Because each bootstrap sample omits roughly $1 - (1 - 1/n)^n \approx 1/e \approx 36.8%$ of the training examples, random forests support out-of-bag evaluation: each example is scored by the trees that did not see it during training, giving a near-unbiased generalization estimate without a separate validation set [2].

A random forest also has a built-in measure of variable importances. Two variants are widely used: mean decrease in impurity (MDI), which sums the impurity reductions a feature contributes across all trees, and permutation variable importances, which measures the drop in accuracy when a feature's values are randomly permuted. Permutation importance is generally preferred because MDI is biased toward features with many possible split points or high cardinality.

The success of random forests is sometimes described in terms of the wisdom of the crowd: independent learners that each do better than chance, when aggregated, produce far stronger predictions than any single learner. Galton's 1906 ox-weight contest is the canonical illustration.

extremely randomized trees

Extremely Randomized Trees, often abbreviated Extra-Trees, were introduced by Pierre Geurts, Damien Ernst, and Louis Wehenkel in 2006 [9]. They differ from random forests in two ways:

  1. The full training set is used to grow each tree, with no bootstrap step.
  2. At each node, the threshold for each candidate feature is drawn at random rather than chosen to maximize impurity reduction. The split is then selected as the best among these random candidates.
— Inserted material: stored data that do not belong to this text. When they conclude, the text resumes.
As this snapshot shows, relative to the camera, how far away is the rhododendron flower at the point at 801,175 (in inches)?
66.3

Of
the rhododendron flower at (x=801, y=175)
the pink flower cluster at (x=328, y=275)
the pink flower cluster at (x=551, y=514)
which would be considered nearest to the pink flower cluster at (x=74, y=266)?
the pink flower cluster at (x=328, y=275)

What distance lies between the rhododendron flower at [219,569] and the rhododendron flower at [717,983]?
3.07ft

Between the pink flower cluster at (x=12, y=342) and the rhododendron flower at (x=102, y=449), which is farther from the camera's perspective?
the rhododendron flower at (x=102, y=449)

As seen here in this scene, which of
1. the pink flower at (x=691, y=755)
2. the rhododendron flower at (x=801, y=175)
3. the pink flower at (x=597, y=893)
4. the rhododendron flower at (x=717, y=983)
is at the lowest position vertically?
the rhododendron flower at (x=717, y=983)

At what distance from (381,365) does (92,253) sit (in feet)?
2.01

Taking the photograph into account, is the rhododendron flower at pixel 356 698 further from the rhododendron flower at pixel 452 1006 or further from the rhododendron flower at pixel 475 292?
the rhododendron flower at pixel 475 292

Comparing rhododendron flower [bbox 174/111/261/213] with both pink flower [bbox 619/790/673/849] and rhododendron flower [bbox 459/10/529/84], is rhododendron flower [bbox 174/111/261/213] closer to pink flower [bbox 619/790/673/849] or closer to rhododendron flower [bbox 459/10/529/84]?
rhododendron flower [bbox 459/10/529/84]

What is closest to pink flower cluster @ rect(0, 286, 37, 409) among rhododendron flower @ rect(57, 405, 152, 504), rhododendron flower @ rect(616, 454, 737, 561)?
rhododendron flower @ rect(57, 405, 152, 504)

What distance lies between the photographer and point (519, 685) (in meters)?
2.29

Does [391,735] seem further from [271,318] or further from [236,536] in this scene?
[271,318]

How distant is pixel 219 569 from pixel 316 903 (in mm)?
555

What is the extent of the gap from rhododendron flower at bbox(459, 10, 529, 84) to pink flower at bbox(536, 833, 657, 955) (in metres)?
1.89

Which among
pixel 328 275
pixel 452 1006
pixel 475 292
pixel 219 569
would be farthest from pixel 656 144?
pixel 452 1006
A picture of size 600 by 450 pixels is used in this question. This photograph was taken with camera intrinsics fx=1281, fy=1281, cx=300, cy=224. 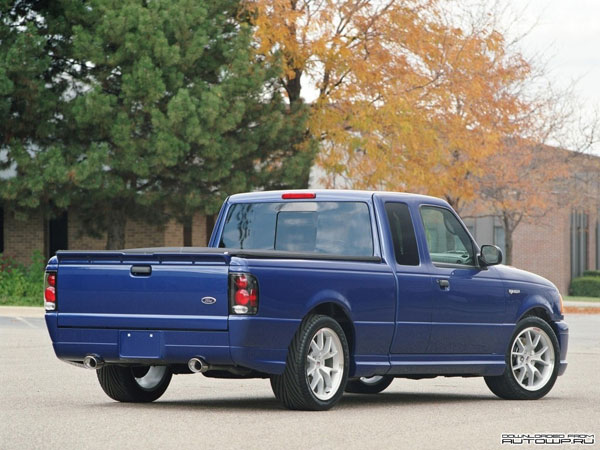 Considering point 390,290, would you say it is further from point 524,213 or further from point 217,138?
point 524,213

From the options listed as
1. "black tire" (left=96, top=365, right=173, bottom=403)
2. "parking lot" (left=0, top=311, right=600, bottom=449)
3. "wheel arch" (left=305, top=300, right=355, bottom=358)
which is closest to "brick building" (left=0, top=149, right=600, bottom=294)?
"parking lot" (left=0, top=311, right=600, bottom=449)

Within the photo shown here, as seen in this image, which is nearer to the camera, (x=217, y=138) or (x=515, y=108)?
(x=217, y=138)

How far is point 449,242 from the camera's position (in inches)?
489

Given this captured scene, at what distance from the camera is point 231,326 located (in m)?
10.1

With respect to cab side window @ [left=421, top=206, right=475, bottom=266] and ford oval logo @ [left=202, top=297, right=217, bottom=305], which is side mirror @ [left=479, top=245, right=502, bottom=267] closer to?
cab side window @ [left=421, top=206, right=475, bottom=266]

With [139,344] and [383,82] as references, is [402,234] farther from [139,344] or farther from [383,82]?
[383,82]

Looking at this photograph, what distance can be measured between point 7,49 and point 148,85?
12.3 ft

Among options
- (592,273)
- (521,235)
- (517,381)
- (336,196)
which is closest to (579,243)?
(592,273)

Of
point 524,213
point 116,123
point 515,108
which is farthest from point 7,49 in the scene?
point 524,213

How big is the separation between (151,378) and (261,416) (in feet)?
6.27

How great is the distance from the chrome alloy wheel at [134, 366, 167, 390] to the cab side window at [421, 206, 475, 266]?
2775mm

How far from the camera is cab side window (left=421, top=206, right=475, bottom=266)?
12261 mm

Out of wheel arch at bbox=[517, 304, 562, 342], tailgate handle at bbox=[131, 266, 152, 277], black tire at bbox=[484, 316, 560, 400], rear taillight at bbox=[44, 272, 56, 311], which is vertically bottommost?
black tire at bbox=[484, 316, 560, 400]

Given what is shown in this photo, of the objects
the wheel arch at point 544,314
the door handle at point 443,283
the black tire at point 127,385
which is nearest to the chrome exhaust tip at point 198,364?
the black tire at point 127,385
The extra randomization further reduces variance at the cost of a small increase in bias. In practice Extra-Trees often match random forests on accuracy while training faster, since random thresholds avoid the per-feature sort that dominates standard split search. They are available in scikit-learn as ExtraTreesClassifier and ExtraTreesRegressor [20].

gradient boosting and modern boosted trees

Gradient boosting was formalized by Jerome Friedman in 2001 in the paper "Greedy Function Approximation: A Gradient Boosting Machine" [6]. It generalizes the AdaBoost algorithm of Freund and Schapire (1995) to arbitrary differentiable loss functions [8]. The training loop is sequential rather than parallel:

  1. Initialize the model with a constant prediction.
  2. At each round $m = 1, \dots, M$:
    • Compute the negative gradient of the loss with respect to the current predictions; this is the pseudo-residual.
    • Fit a small regression tree to the pseudo-residuals.
    • Add the new tree to the ensemble, scaled by a learning rate $\eta$ (also called shrinkage).
  3. Stop when validation loss stops improving.

Friedman's MART (Multiple Additive Regression Trees) and Stochastic Gradient Boosting (2002) added subsampling of training rows to inject randomness, in the spirit of bagging [7].

Three modern open-source libraries dominate the boosted-trees landscape:

LibraryFirst releaseOriginDistinctive ideas
XGBoost2014Tianqi Chen, University of WashingtonSecond-order gradient + Hessian split formula, regularization in the objective, sparsity-aware split finding, exact and approximate histogram methods, GPU support [10]
LightGBM2016Microsoft ResearchHistogram-based splits, leaf-wise tree growth instead of level-wise, gradient-based one-side sampling (GOSS), exclusive feature bundling (EFB), native categorical splits [11]
CatBoost2017YandexOrdered boosting to fight target leakage in categorical encodings, ordered target statistics for categorical features, symmetric (oblivious) trees, strong defaults [12]

All three reduce to the same mathematical core (gradient boosting of regression trees) but differ in growth strategy, categorical handling, and engineering. Benchmarks across academic papers and Kaggle competitions show they trade the lead frequently and are usually within a few tenths of a percent of one another on a given dataset.

Gradient boosted trees are also commonly referred to as gradient boosted (decision) trees or GBT, and the boosted-trees method as a whole is known as GBDT (gradient boosted decision trees) or GBM (gradient boosting machines).

how do bagging and boosting differ?

The two dominant forest paradigms differ in nearly every dimension. The contrast is the easiest way to remember when to reach for which.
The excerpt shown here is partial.